● Your assignment
Each line below from the line with "Good afternoon Keller" to the line with "The next stage" must be copied exactly, including those two, and no picture may appear in the copy.

Stored data
Start of Block

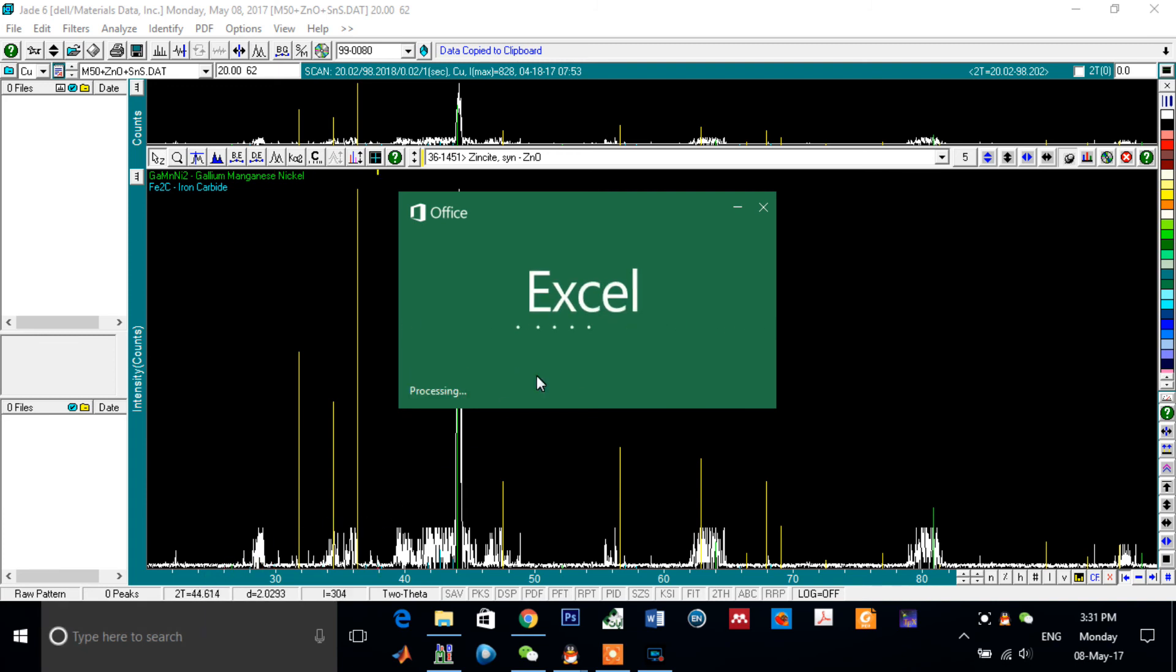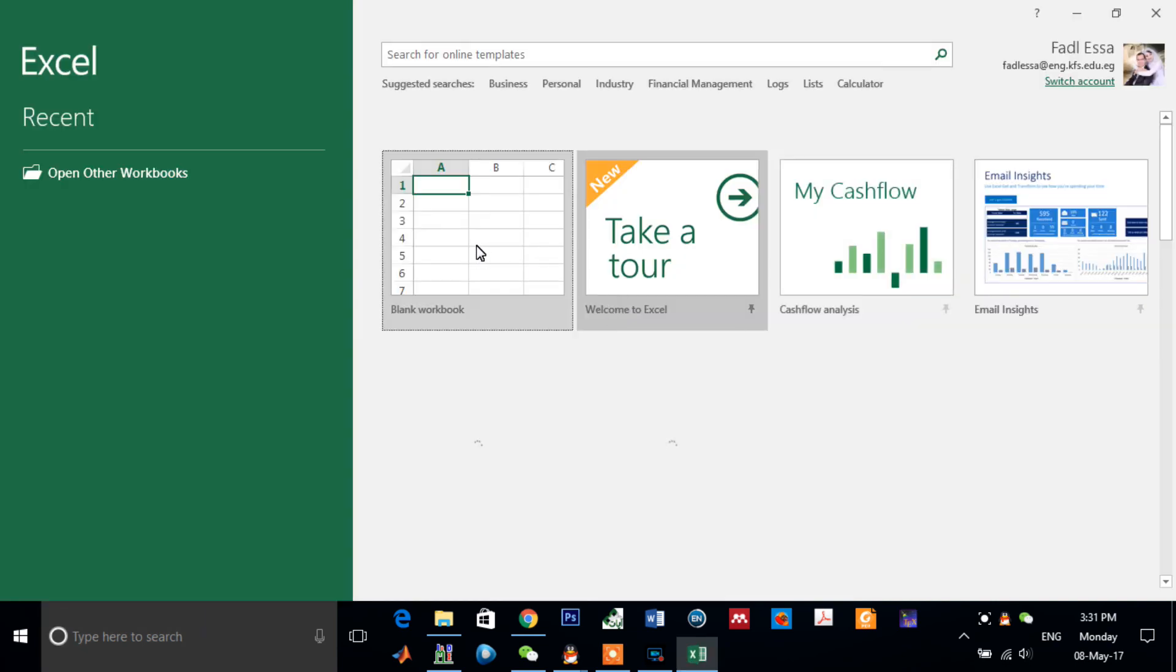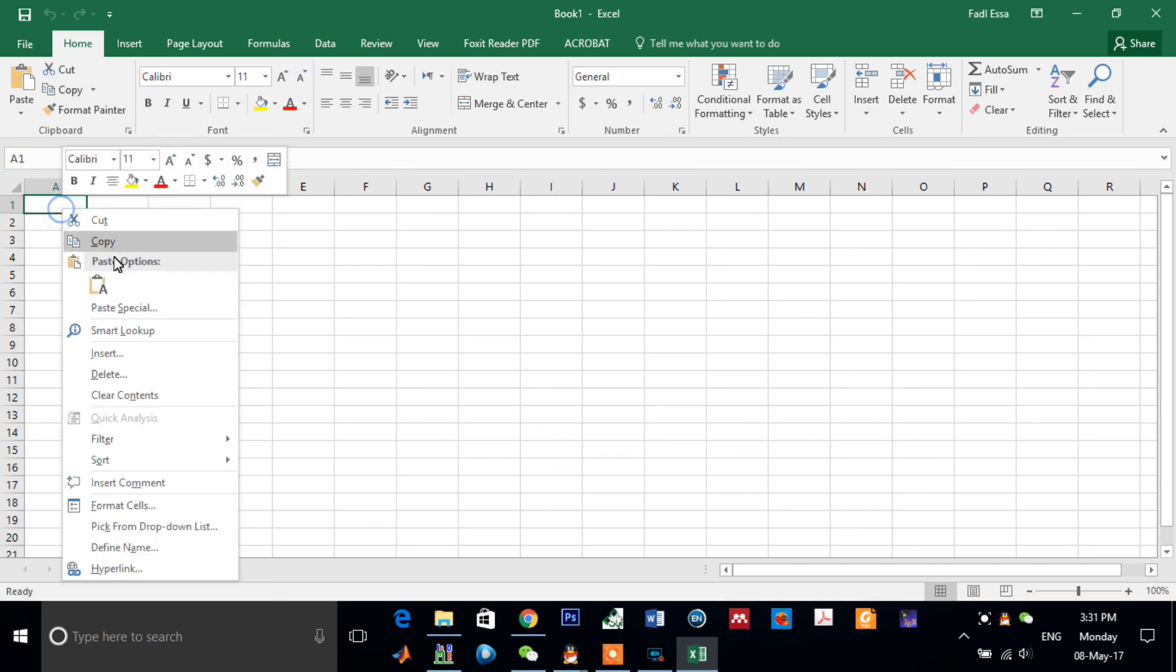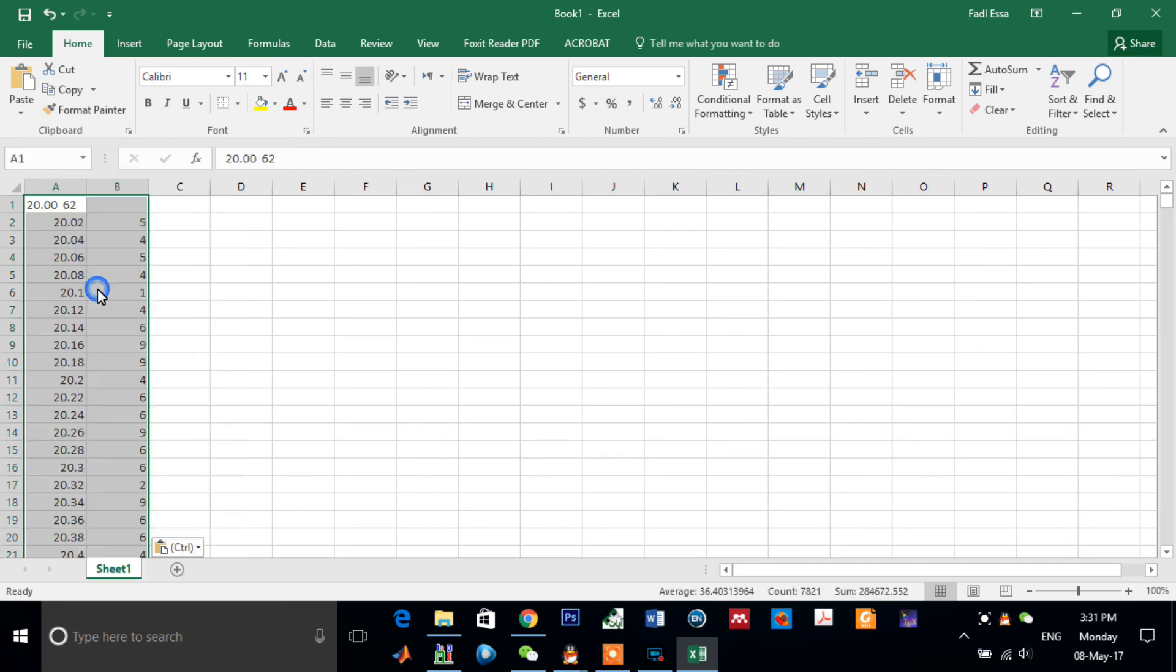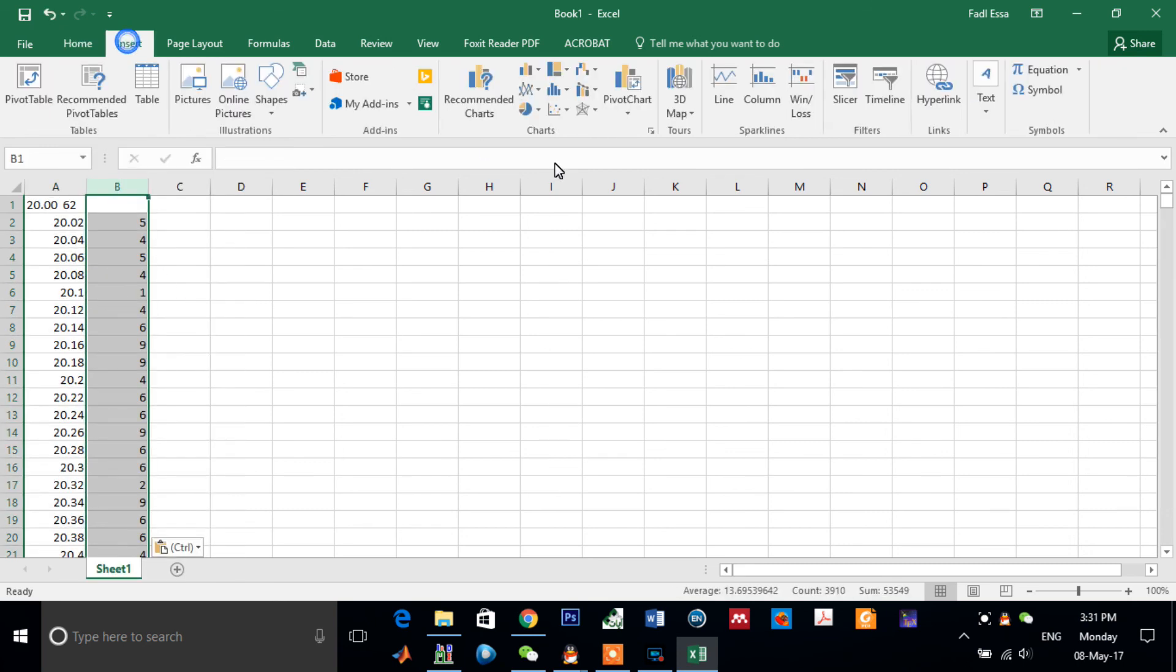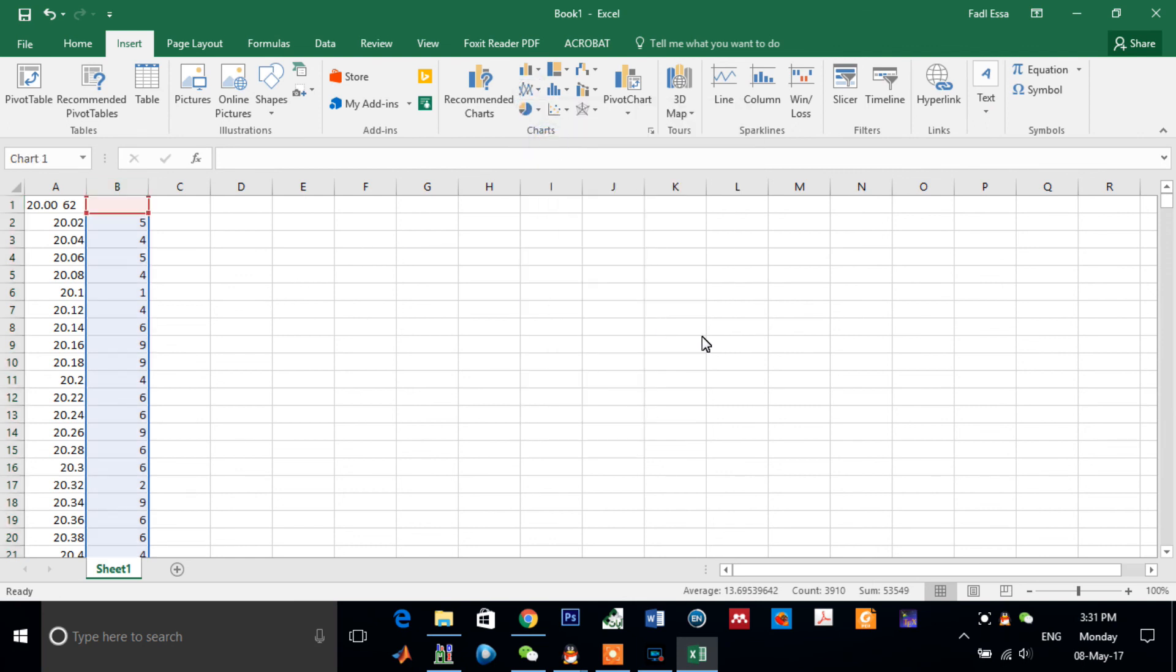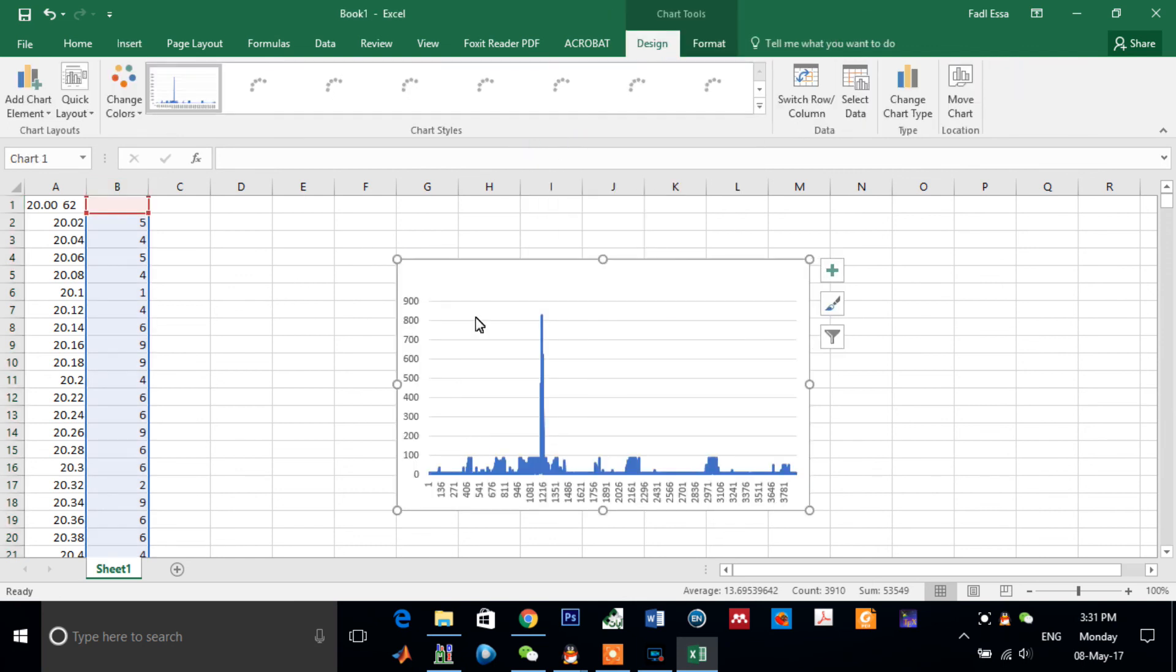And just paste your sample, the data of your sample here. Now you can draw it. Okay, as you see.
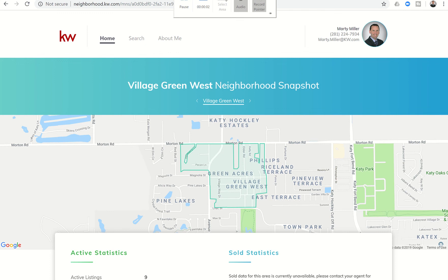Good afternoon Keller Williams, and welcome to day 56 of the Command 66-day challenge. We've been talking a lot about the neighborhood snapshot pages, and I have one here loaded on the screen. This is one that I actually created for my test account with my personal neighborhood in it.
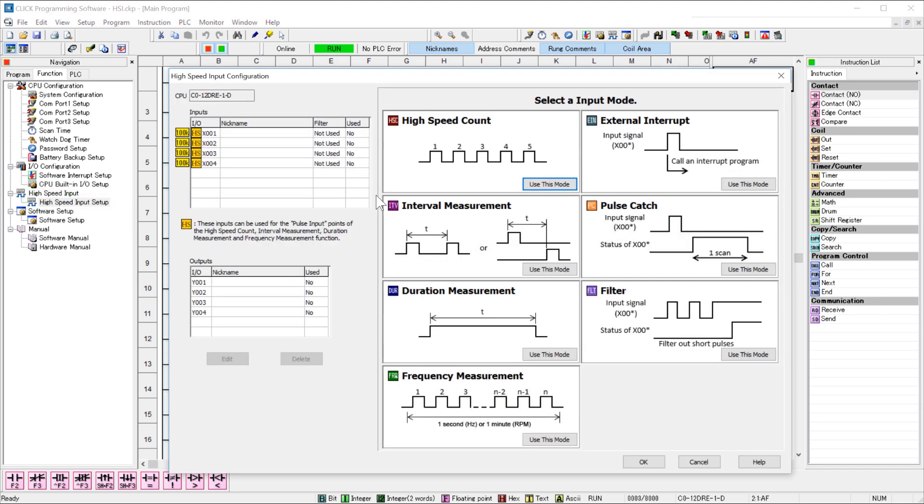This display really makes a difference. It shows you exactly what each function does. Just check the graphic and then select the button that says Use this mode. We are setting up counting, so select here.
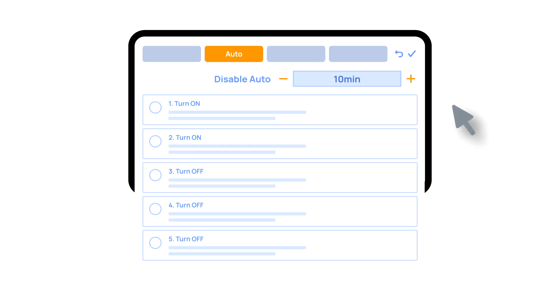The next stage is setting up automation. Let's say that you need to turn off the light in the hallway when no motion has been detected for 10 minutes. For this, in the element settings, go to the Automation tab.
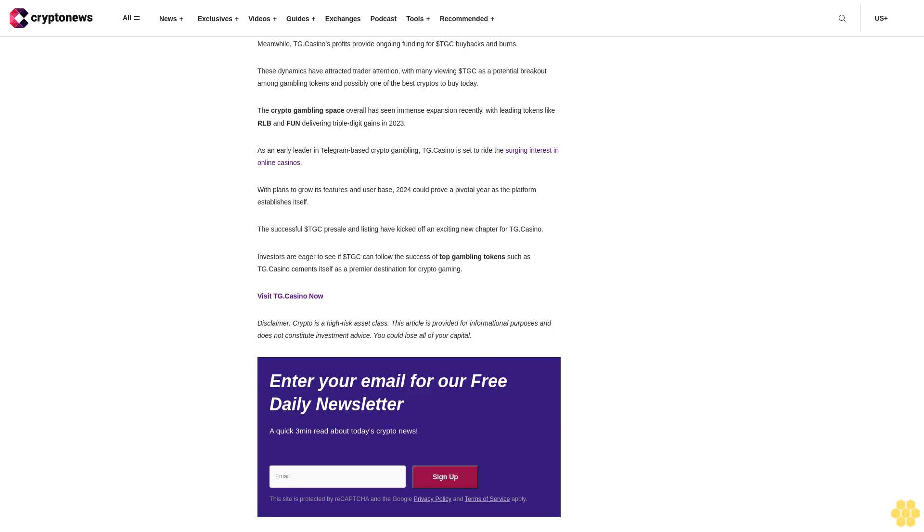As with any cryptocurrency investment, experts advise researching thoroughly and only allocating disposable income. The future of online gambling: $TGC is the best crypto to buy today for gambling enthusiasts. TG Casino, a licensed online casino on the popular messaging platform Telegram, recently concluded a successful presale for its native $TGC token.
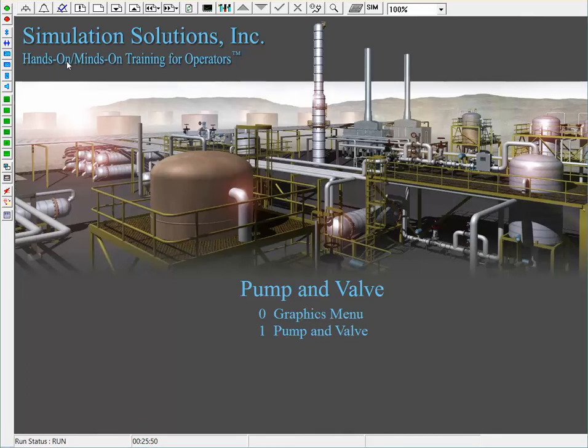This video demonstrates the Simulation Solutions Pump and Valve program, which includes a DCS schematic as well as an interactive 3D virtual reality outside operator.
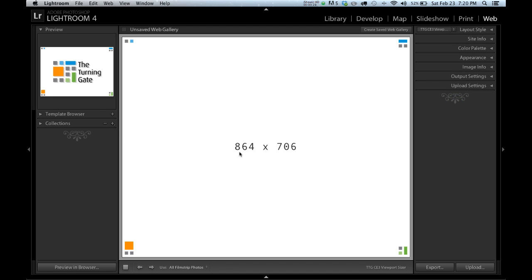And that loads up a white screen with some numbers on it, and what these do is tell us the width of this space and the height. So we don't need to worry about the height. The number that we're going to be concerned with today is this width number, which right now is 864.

End of Block

● Result of the exercise
Good afternoon Keller Williams, and welcome to day 56 of the Command 66-day challenge. We've been talking a lot about the neighborhood snapshot pages, and I have one here loaded on the screen. This is one that I actually created for my test account with my personal neighborhood in it.
This display really makes a difference. It shows you exactly what each function does. Just check the graphic and then select the button that says Use this mode. We are setting up counting, so select here.
The next stage is setting up automation. Let's say that you need to turn off the light in the hallway when no motion has been detected for 10 minutes. For this, in the element settings, go to the Automation tab.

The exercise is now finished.